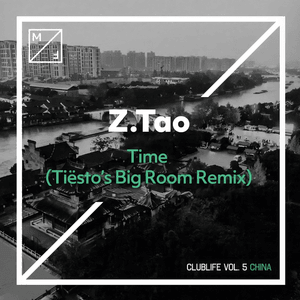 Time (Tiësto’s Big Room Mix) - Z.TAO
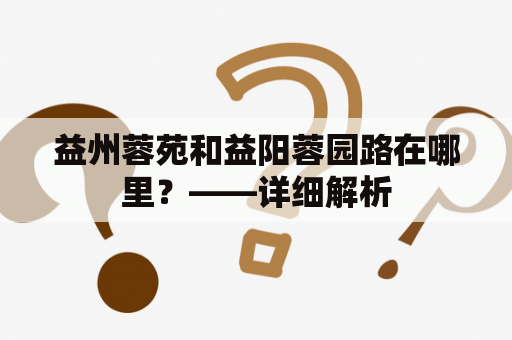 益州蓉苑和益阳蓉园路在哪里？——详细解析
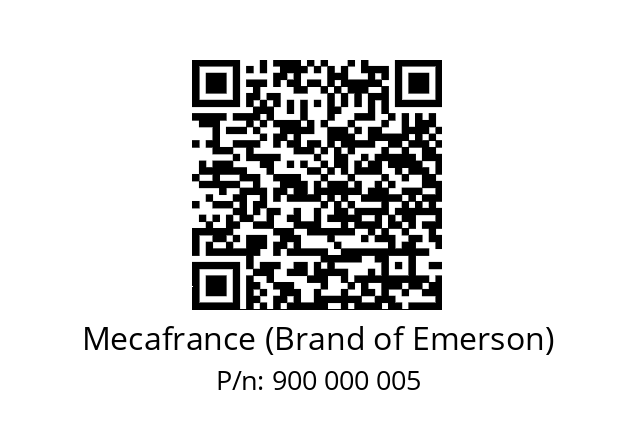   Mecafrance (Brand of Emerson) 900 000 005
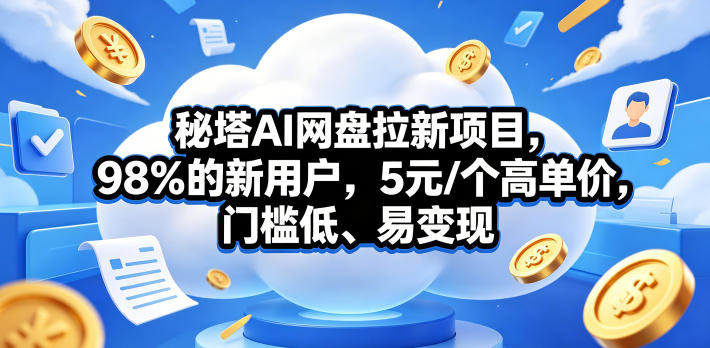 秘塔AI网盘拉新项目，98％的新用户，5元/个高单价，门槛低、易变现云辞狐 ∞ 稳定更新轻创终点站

________________________

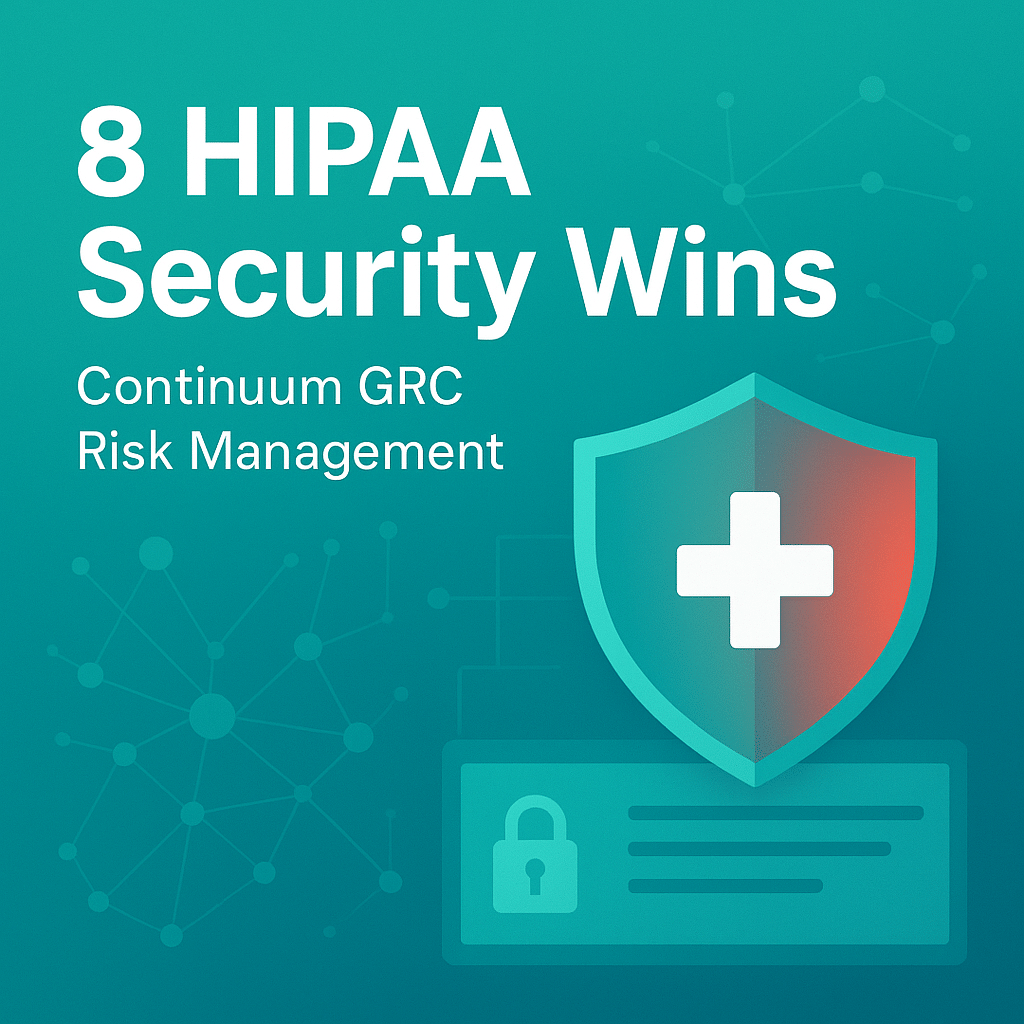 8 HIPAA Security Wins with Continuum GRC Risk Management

________________________

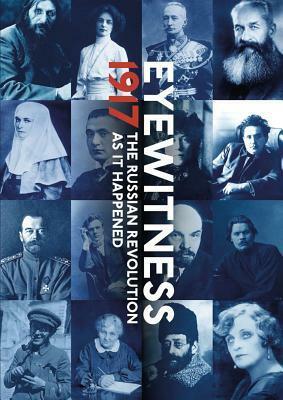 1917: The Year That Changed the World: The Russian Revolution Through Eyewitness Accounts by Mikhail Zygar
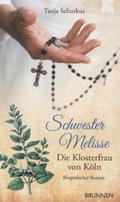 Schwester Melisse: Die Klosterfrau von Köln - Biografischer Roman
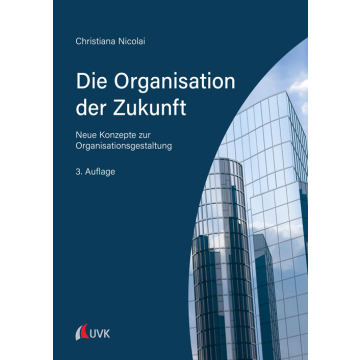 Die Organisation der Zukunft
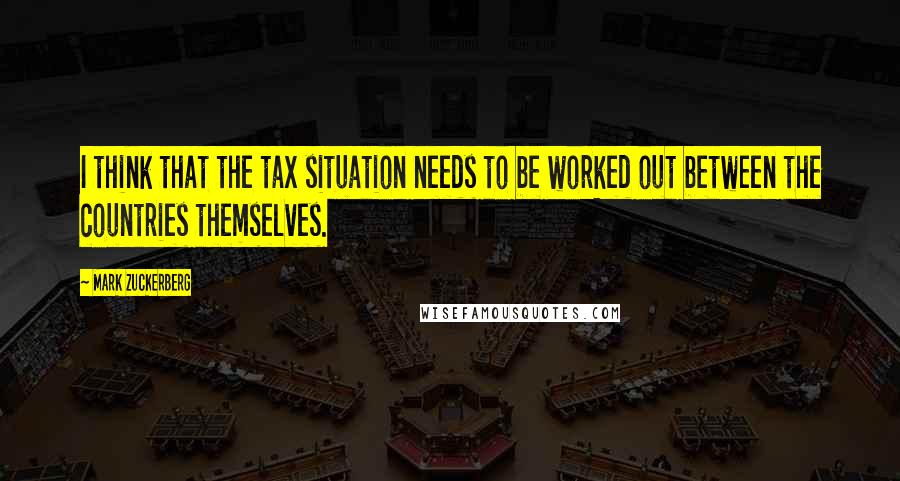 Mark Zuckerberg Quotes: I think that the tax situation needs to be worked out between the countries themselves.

________________________

_Task description:_ Take the material above from the line containing "Schwester Melisse: Die" up to and including the line containing "Mark Zuckerberg Quotes: I" and retype it exactly, without any pictures.

_The completed task:_
 Schwester Melisse: Die Klosterfrau von Köln - Biografischer Roman
 Die Organisation der Zukunft
 Mark Zuckerberg Quotes: I think that the tax situation needs to be worked out between the countries themselves.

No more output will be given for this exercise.